## Problem statement
Exactly and only the lines below from the one containing "Luxury black watch" down to the one containing "Central Placa de" are wanted, both included; please exclude every picture.

## Recorded data
++++++++++

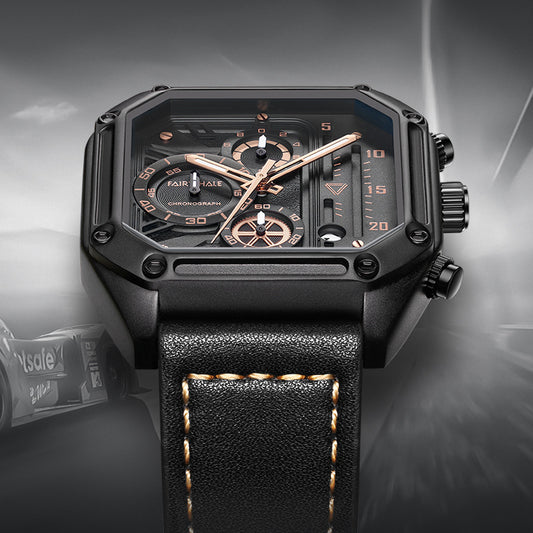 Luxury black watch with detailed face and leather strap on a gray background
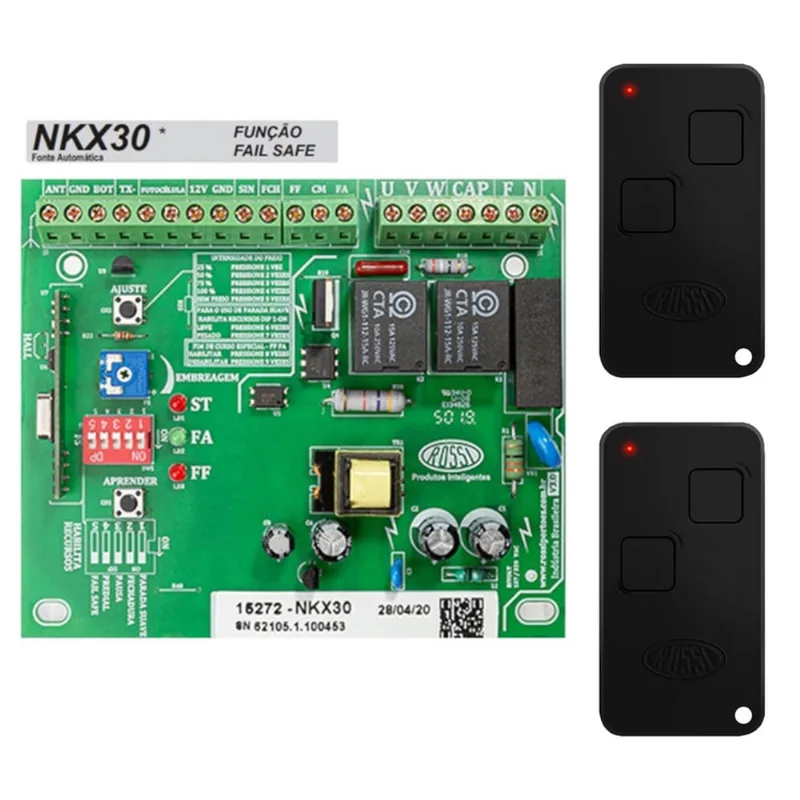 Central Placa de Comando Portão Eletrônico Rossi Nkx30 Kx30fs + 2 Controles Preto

++++++++++

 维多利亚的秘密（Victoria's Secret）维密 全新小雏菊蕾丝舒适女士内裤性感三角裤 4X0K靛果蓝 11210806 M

++++++++++

## Result below
 Luxury black watch with detailed face and leather strap on a gray background
 Central Placa de Comando Portão Eletrônico Rossi Nkx30 Kx30fs + 2 Controles Preto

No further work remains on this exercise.